Youndt v. First Nat'l Bank of Port Allegany, 868 A.2d 539, 545 (Pa. Super. Ct. 2005).

Even viewing the facts in a light most favorable to Mr. Plouffe, I find that he has failed to meet the heightened pleading requirements demanded by Rule 9(b). Specifically, Mr. Plouffe's amended complaint is devoid of any factual allegations demonstrating that Mr. Plouffe relied on the Defendants' alleged misrepresentations. Mr. Plouffe does not allege that he took any actions or engaged in any conduct as a result of the alleged misrepresentations. Consequently, his allegations concerning the harm that he suffered as a result of these misrepresentations are vague and conclusory. Mr. Plouffe alleges that Defendants' misrepresentation that foreclosure proceedings would be halted while his application was pending "resulted in harm to Plouffe by denying him the benefit of the statement upon which Plouffe relied." (Am. Compl. ¶ 112). This characterization of the harm that he suffered as a result of the Defendants' misrepresentation is cryptic at best. For the remainder of his fraud claims, Mr. Plouffe simply states that the Defendants' misrepresentations "resulted in harm to Plouffe." (Id. at 114-15). This conclusory statement of the harm is not stated with sufficient particularity to meet the heightened standards of Rule 9(b). Without demonstrating that he relied on the Defendants' misrepresentations and that that reliance resulted in specific harm, Mr. Plouffe's fraud claims must be dismissed.
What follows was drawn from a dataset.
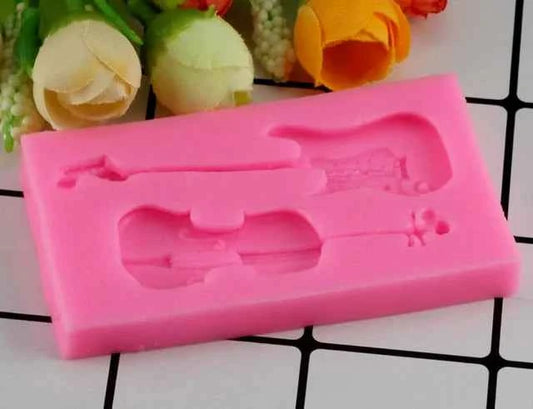Chitarra e Violino. Stampo in silicone strumenti musicali.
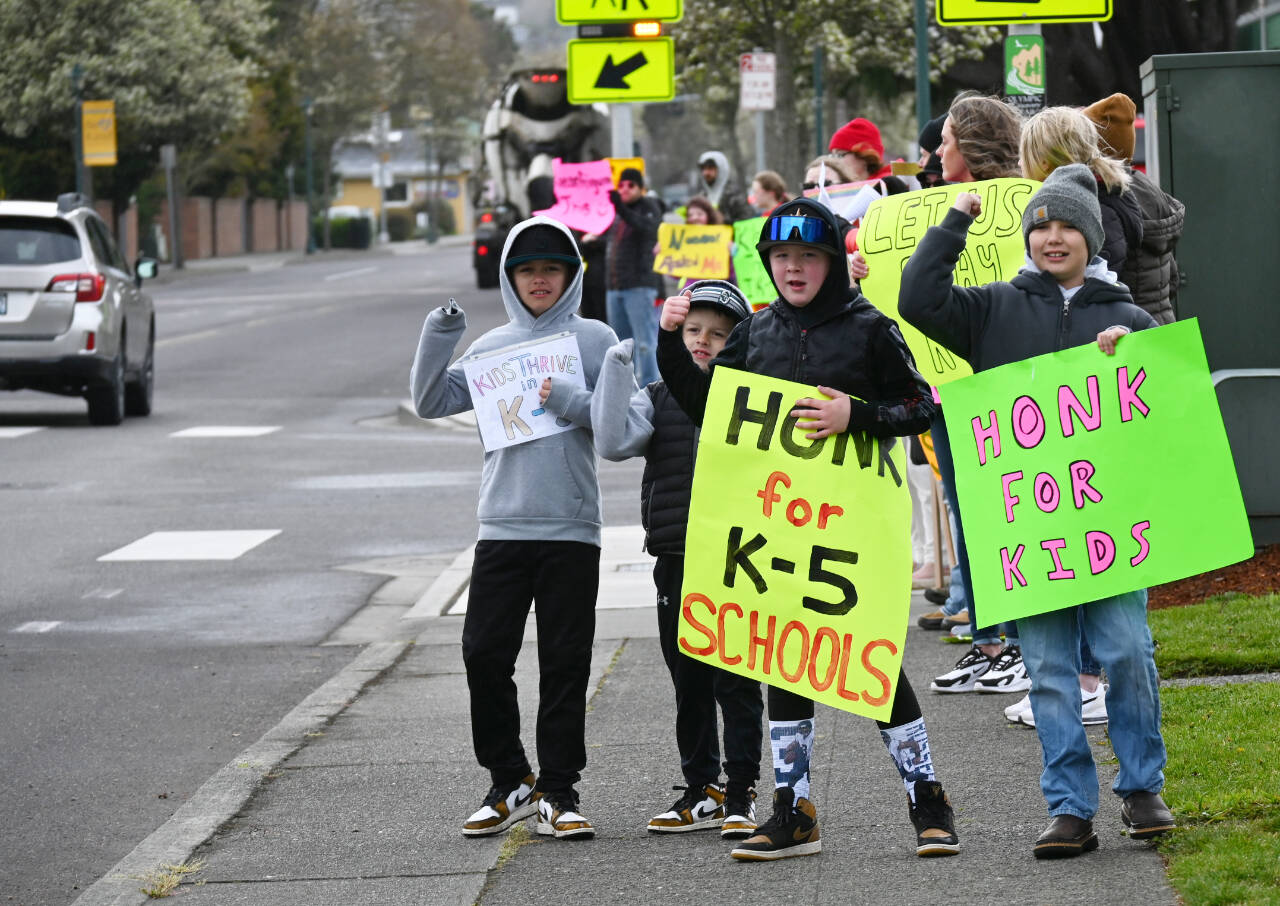 Sequim Gazette photo by Michael Dashiell / Sequim youths (from left) Trevor Dee, Weston Dee, Mason Henderson and Carson Stovall on Monday morning join a group of about 35 parents and students protesting the reconfiguration of Sequim’s two elementary schools. It was the first of two protests planned April 17 at Sequim School’s District Office with a larger rally planned for the afternoon.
E. Breach of Contract Claims

Plouffe's amended complaint also alleges breach of contract claims against the Defendants. Plouffe states that the Defendants breached their contractual duties to Mr. Plouffe by: (1) initiating and continuing foreclosure proceedings against Mr. Plouffe during the pendency of his application for loan modification or forbearance; (2) attempting to alter the previous loan modification with Mr. Plouffe; and (3) failing to comply with the terms of the Service Participation Agreement ("SPA") between Bayview and Fannie Mae. The Defendants dispute the existence of an enforceable contract between themselves and Mr. Plouffe.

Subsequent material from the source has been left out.